B. LA CJCE OU LE TRIOMPHE DU JURIDISME
L'intervention des institutions européennes dans le secteur du football la plus retentissante a été le fait de la Cour de Justice des communautés européennes , à travers l'arrêt Bosman de 1995 .
Par cet arrêt, la CJCE portait à son comble le processus de banalisation du football professionnel, en déréglementant entièrement le marché du travail des footballeurs, et, ainsi, du fait des caractéristiques propres au secteur, ouvrait la voie à l'amplification des déséquilibres sportifs et économiques observables.
La logique de l'arrêt Bosman découle entièrement de ses prémisses, qui sont les suivantes : le football professionnel est une activité économique ; il convient de lui appliquer les règles européennes du droit économique.
Cette logique est tempérée par la considération d'un champ particulier au football, le champ spécifique des valeurs sportives. Mais précisément, l'arrêt Bosman borne ce champ à très peu de choses.
L'analyse détaillée de l'arrêt permet de dégager quelques enseignements importants :
l'arrêt fait prévaloir les principes européens d'organisation économique sur les valeurs politiques attachées au football comme activité culturelle largement répandue, et, ce, au nom de la défense du principe des normes juridiques européennes ;
l'arrêt comporte, en filigrane, une appréciation très critique des conditions de régulation du football européen .
Cet aspect rarement souligné mérite un peu d'attention . L'arrêt abonde, en effet, en observations sur le fonctionnement du football européen. Ces observations ne peuvent être considérées comme étant le fruit du hasard puisqu'aussi bien la Cour aurait pu ne pas les produire, se contentant de faire application du principe de libre circulation, qualifiée par elle de « liberté fondamentale ». Il faut donc y voir la volonté de la Cour de stigmatiser le fonctionnement du football en Europe et, tout particulièrement, le rôle des associations en charge de sa réglementation, dont les arguments sont, un à un, contestés.
Deux messages principaux doivent être mis en évidence.
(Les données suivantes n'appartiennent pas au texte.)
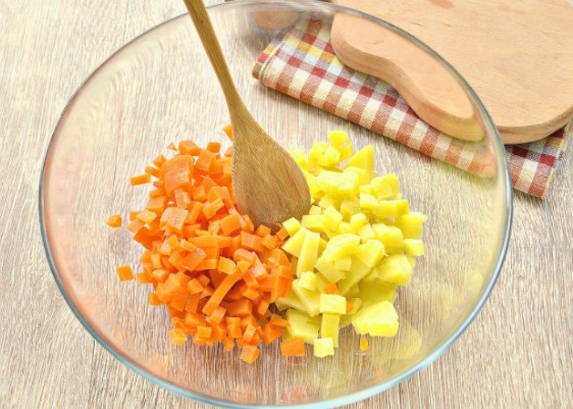 Салат с вареной колбасой и кукурузой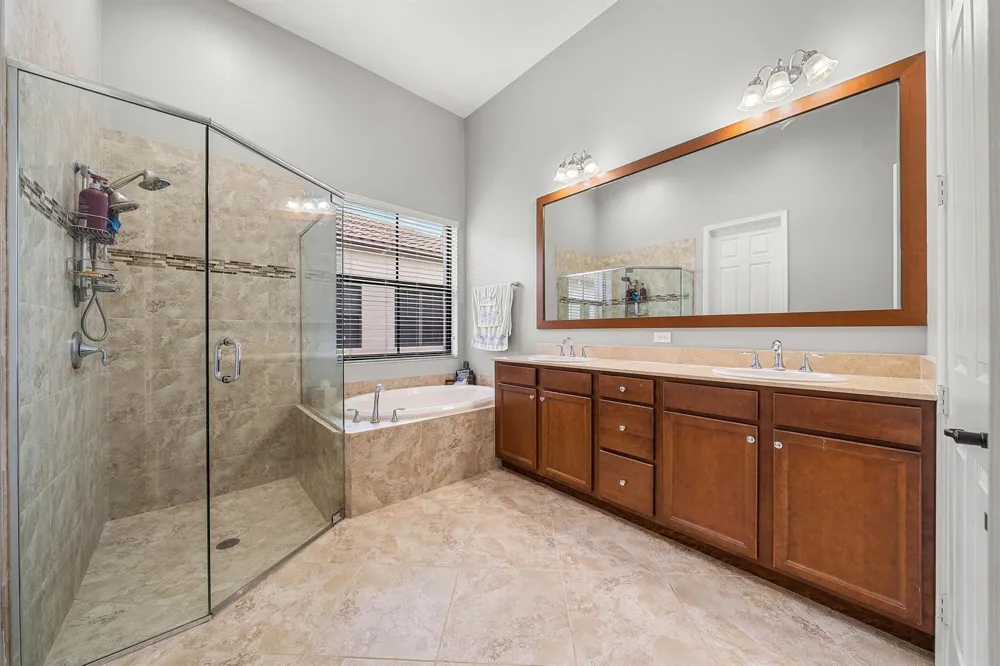 6304 Vireo Court Lake Worth, FL 33463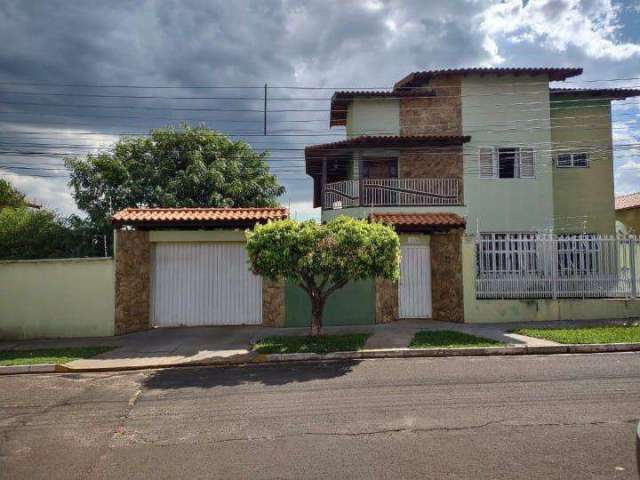 Casa para Venda em Cerqueira César, Chácara Moura Leite, 3 dormitórios, 3 suítes, 4 banheiros, 2 vagas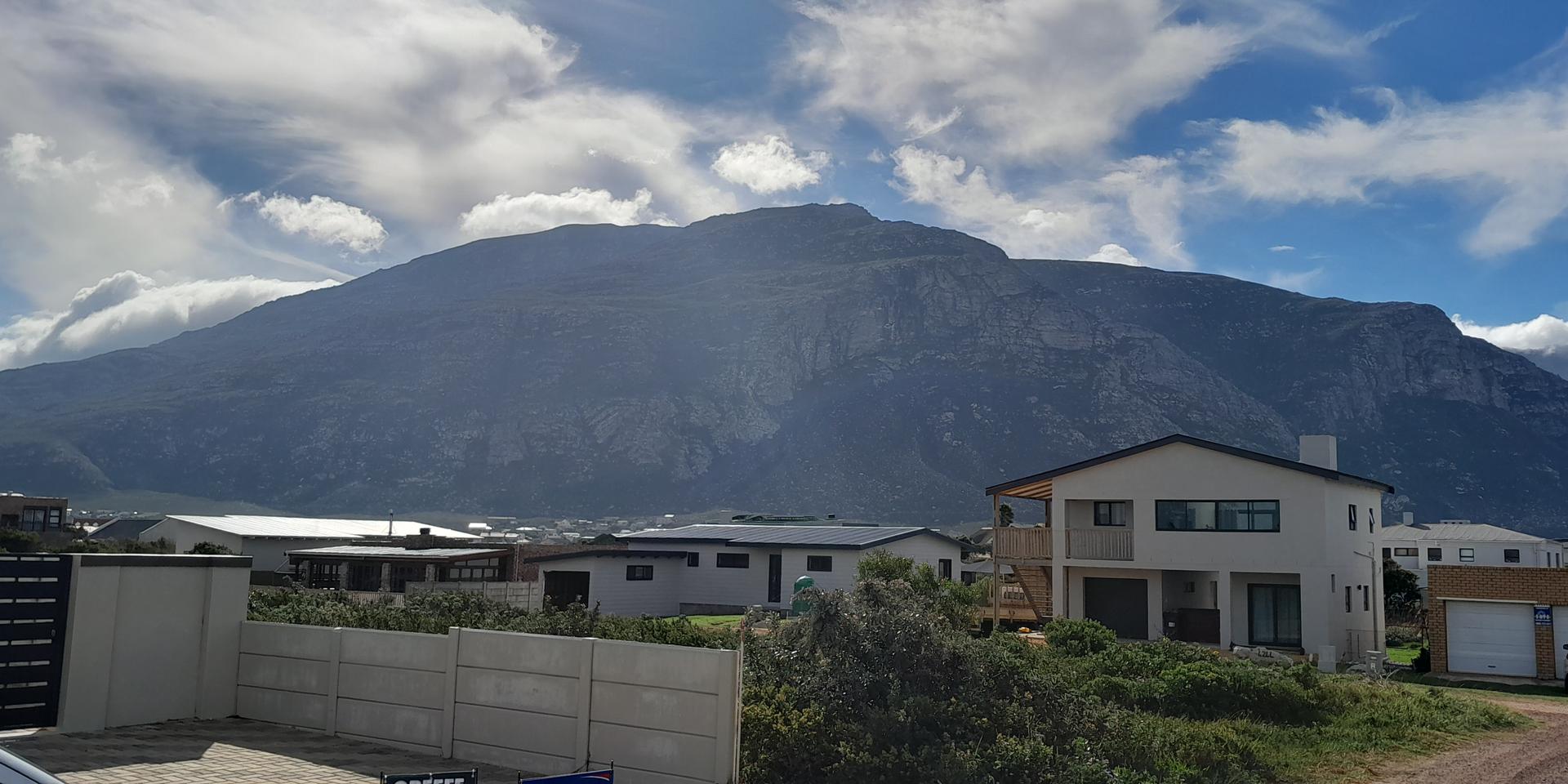 Image 5 of 6
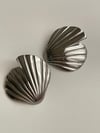 Çelik Gümüş Renk İstiridye Küpe (3.20 Cm)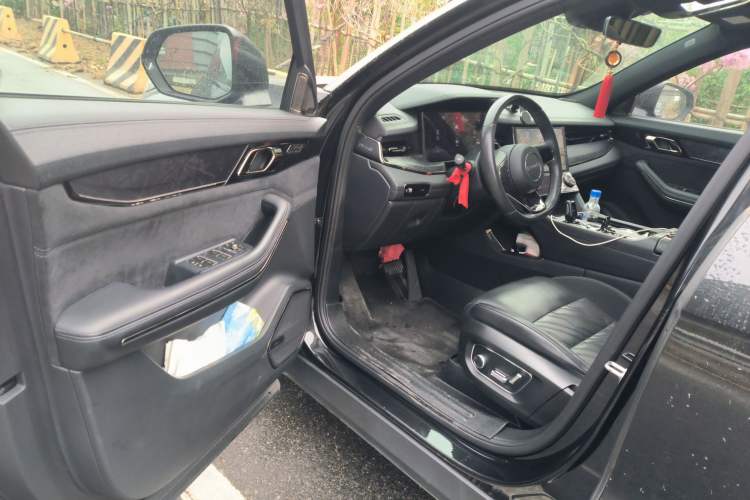 Used Lynk & Co 09 2021 2.0T Halo Six-Seater Driver Seat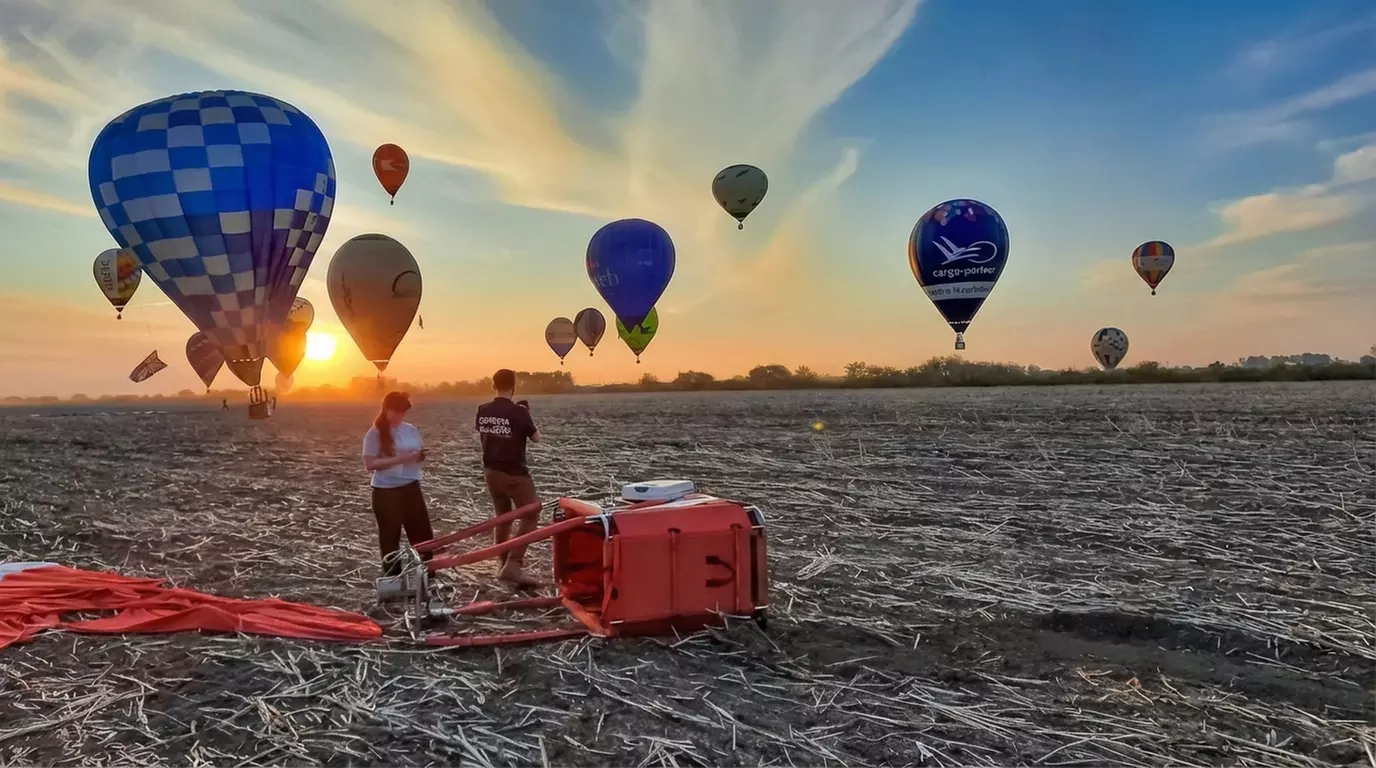 Niezapomniany widokowy lot balonem – grupowy, prywatny lub zaręczynowy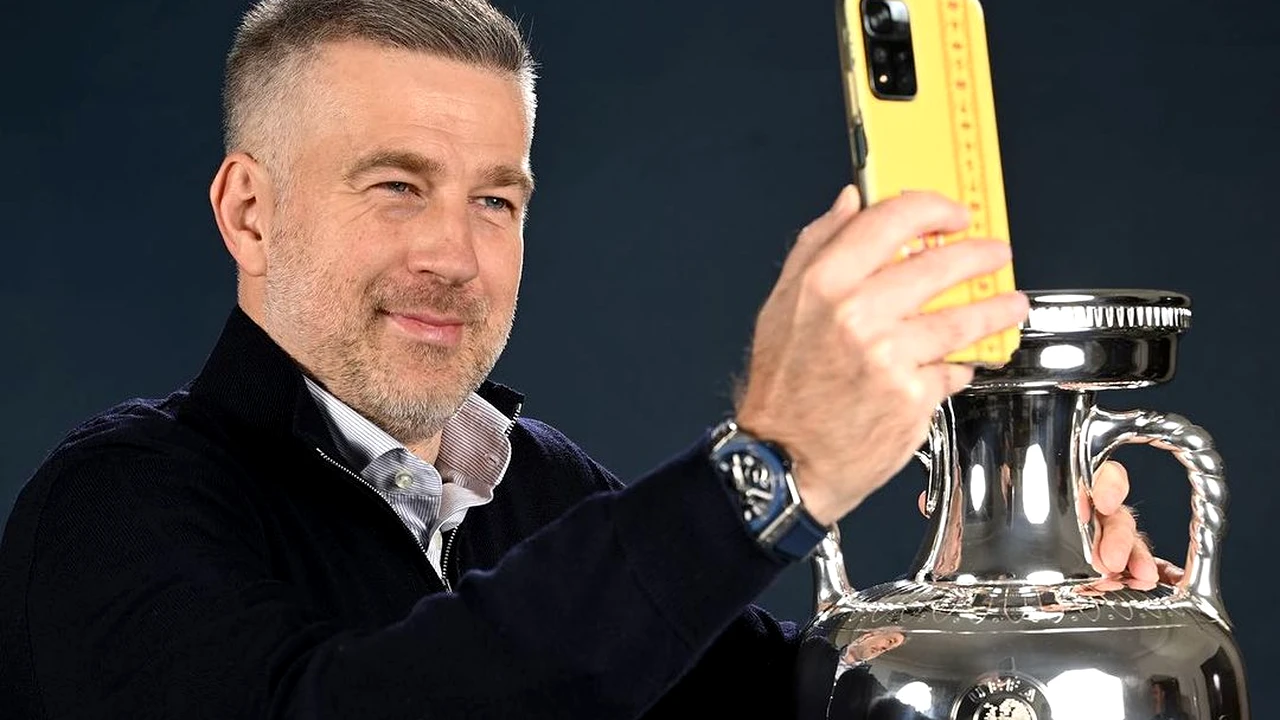 Nu-i așa că-i simpatic? :)) Edi s-a pozat cu trofeul Euro din toate unghiurile și a pus pozele pe net. Foto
Tout d'abord, la Cour relève l'existence de situations financières très inégalitaires et, soulignant les liens entre ces inégalités et l'équilibre compétitif, elle estime que ce dernier est « considérablement altéré ». Ce diagnostic paraît, dans l'absolu, au moins aussi important que l'appréciation qu'il soutient selon laquelle les règles relatives aux transferts alors en vigueur n'apportent aucune correction à la situation décrite, appréciation, au demeurant, très discutable, comme on l'a déjà indiqué.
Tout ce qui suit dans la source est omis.